Optimize load performance
To optimize load performance, you can follow best practices provided in biGENIUS-X.
Common best practices
The following best practices can improve your load performance for any target technology:
- Use incremental load:
- When the source system provides an indicator that can be used to build a highwater mark on (date, timestamp, decimal, integer,...)
- On biGENIUS-X default columns (auto-increment, timestamps, ...)
- Use the implementation type Virtual when you you do not require a physical table
- Filtered loading:
- Limit the data loaded via partition predicates (e.g., WHERE date >= '2024-01-01').

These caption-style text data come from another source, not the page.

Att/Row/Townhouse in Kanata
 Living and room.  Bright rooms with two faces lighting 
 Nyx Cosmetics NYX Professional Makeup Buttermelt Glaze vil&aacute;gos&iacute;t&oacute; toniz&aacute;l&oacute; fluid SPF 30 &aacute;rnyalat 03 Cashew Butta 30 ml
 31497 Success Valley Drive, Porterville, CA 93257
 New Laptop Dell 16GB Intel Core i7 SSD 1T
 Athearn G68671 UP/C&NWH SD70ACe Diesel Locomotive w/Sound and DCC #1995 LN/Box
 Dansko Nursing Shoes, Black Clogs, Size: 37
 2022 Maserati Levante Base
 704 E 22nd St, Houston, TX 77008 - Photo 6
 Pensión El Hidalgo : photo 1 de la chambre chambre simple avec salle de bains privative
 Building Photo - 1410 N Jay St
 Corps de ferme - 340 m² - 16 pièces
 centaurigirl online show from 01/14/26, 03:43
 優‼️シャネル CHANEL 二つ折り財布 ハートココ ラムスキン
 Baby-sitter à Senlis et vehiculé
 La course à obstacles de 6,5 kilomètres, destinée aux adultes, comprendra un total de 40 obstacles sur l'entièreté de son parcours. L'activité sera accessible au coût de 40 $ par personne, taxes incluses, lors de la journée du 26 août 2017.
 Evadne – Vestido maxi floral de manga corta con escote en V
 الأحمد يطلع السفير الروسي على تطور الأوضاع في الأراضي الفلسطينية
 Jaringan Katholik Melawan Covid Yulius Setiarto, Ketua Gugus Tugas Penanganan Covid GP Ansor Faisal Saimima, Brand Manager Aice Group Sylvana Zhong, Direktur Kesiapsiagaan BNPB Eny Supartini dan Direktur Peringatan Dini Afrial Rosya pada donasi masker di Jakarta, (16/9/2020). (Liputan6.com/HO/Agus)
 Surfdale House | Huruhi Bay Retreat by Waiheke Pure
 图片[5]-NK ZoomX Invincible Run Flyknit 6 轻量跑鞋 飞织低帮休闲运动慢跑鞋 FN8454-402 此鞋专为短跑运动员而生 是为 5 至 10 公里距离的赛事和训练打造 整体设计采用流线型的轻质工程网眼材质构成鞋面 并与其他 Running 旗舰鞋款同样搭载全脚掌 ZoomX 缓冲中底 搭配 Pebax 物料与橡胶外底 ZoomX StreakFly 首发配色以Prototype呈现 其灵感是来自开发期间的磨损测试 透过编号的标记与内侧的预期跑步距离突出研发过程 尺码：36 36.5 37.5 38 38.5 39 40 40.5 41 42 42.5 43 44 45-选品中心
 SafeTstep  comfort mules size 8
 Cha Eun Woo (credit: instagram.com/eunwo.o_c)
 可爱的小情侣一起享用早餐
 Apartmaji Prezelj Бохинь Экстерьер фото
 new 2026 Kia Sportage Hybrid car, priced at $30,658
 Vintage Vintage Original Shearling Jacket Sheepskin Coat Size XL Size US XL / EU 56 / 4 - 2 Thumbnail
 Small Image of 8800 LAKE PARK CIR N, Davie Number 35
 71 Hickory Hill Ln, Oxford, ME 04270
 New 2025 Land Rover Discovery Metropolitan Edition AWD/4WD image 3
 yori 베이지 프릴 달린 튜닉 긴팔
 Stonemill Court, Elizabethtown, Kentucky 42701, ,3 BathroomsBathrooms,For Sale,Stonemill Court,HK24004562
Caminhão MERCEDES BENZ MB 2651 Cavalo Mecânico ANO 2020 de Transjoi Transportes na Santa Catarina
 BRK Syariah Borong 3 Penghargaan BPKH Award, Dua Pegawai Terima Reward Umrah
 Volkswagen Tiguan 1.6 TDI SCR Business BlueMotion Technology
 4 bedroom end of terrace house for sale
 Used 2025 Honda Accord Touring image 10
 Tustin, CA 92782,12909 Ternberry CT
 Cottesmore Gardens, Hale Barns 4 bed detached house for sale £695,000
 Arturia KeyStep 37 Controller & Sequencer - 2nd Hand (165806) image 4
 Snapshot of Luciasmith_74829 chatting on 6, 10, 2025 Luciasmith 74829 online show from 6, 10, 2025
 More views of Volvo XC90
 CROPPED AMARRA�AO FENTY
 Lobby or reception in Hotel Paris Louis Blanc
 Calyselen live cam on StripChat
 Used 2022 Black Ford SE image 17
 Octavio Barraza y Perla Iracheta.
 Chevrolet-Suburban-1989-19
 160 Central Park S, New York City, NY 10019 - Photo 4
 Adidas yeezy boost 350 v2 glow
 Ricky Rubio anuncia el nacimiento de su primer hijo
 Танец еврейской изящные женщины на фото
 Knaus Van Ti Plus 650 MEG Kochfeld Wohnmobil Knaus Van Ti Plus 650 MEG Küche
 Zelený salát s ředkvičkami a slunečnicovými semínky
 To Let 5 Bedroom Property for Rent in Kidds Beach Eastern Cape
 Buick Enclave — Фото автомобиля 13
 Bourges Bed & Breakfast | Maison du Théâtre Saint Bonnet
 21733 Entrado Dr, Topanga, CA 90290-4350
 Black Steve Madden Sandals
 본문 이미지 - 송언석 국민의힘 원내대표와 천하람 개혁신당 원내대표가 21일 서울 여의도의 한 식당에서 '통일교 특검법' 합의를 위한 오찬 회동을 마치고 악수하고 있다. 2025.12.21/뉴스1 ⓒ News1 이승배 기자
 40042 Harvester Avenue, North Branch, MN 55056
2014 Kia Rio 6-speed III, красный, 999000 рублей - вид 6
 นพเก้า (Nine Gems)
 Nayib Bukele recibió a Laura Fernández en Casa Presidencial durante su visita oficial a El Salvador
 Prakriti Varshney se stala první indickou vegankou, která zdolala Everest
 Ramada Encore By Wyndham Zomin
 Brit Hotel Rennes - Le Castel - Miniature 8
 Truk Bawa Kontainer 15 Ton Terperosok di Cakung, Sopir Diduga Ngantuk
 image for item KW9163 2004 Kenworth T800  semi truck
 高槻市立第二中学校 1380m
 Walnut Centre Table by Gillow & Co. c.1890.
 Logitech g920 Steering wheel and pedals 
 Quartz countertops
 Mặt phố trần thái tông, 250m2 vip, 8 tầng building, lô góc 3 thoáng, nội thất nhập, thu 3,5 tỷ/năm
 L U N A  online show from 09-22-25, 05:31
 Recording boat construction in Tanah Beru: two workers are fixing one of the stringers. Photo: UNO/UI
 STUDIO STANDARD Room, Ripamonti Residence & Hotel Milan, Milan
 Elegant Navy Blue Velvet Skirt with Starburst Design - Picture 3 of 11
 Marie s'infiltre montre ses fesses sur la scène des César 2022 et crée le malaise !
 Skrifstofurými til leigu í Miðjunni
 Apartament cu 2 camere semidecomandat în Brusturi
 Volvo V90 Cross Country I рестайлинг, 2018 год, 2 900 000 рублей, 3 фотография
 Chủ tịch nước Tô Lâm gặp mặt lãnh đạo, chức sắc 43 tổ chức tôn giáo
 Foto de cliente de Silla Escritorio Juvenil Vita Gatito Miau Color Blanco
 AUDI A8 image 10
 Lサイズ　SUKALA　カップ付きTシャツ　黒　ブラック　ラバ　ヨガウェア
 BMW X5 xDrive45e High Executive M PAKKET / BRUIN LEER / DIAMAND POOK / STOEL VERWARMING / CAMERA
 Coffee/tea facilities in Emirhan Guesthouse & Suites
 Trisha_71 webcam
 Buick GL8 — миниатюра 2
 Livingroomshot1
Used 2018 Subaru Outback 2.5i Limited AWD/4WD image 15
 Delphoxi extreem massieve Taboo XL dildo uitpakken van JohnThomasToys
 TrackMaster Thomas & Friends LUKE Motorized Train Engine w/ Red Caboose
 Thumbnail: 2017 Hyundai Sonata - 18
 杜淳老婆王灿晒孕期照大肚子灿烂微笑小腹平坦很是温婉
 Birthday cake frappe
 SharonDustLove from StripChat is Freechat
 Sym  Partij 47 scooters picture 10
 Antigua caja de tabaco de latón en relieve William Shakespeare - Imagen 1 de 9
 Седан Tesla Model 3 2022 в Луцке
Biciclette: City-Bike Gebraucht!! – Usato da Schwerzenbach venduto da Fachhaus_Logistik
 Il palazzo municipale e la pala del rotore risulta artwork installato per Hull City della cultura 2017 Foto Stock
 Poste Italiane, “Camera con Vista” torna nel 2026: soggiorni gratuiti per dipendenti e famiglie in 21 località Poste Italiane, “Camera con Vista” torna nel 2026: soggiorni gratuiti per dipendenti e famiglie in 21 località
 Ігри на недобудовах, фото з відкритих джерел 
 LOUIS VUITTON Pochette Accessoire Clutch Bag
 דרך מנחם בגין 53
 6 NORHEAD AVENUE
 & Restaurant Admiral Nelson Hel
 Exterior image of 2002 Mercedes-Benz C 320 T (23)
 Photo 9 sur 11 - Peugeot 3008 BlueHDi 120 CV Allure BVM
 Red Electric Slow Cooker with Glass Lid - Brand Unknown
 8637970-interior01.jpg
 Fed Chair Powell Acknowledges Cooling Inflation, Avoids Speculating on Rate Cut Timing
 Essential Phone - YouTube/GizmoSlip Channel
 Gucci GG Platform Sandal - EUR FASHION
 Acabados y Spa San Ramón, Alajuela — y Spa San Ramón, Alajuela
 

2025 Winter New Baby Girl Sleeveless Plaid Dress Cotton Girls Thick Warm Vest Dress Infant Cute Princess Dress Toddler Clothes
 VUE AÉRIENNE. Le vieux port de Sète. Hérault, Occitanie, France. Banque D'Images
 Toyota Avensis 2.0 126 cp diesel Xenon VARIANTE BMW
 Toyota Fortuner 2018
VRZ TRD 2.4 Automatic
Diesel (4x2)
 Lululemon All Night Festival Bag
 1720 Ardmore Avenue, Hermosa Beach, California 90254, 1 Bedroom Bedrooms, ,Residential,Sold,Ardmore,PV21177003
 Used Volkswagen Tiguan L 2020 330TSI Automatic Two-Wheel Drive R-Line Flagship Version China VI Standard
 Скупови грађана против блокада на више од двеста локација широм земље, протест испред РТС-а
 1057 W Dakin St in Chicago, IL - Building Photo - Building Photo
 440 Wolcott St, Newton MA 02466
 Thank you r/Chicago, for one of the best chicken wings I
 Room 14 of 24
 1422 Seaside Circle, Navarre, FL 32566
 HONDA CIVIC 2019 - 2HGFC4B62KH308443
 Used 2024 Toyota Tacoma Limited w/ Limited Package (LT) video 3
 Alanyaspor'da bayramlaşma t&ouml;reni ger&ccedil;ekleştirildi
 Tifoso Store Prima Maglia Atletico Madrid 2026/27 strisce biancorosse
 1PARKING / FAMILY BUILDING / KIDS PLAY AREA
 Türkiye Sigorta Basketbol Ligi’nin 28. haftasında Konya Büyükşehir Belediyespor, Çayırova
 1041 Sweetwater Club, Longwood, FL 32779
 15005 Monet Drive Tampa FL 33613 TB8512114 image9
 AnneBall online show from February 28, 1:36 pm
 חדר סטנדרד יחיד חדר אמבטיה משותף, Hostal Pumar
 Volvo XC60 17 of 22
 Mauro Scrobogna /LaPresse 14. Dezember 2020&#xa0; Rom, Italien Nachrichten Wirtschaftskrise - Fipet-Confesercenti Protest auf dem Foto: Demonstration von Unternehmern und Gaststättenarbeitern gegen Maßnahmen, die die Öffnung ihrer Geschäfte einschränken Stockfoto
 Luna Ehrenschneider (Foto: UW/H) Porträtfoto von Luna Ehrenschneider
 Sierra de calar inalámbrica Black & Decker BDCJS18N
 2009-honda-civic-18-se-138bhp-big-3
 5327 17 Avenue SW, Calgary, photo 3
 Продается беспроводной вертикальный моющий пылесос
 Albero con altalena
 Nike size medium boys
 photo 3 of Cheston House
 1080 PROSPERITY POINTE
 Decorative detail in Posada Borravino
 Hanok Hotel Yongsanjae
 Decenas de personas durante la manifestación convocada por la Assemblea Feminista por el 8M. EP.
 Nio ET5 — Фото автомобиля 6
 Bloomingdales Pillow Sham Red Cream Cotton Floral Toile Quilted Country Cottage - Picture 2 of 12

Best practices for Microsoft SQL Server
The following best practices can improve your load performance for a Microsoft SQL Server target technology:
- Add an INDEX on tables where load performance is bad
- Disable non-cluster indexes during loading, then rebuild them
- Table partitioning: Segment tables by date ranges to speed up incremental loading
Best practices for Snowflake
The following best practices can improve your load performance for a Snowflake target technology:
- Set warehouse auto-suspend intervals thoughtfully to keep caches warm without incurring unnecessary costs
- Monitor for query queuing, which happens when all warehouse resources are busy. If queuing is frequent, consider increasing warehouse size or using multi-cluster warehouses to handle more concurrent queries
- Adjust warehouse size based on workload: larger warehouses process queries faster but cost more, so match size to your needs
- For very large tables with complex query patterns, you can define clustering keys to guide Snowflake in organizing micro-partitions around specific columns. This is only necessary if you notice query performance degradation and should be used judiciously, as clustering maintenance can be resource-intensive (use the alter table script for that as biGENIUS-X doesn't support it yet)
Best practices for Databricks
The following best practices can improve your load performance for a Databricks target technology:
- Use partition filtered load:
- On source data in a data lake
- Cache hashing results on tables with many columns
- Partition (Partition by)
- Liquid clustering (Cluster by)
- Run Deltas OPTIMIZE command on some schedules
- Run OPTIMIZE ... ZORDER BY to group data by frequently queried columns
Best practices for Microsoft Fabric
The following best practices can improve your load performance for a Microsoft Fabric target technology:
- Use partition filtered load:
- On source data in a data lake
- Cache hashing results on tables with many columns
- Partition (Partition by)
- Liquid clustering (Cluster by)
- Run Deltas OPTIMIZE command on some schedules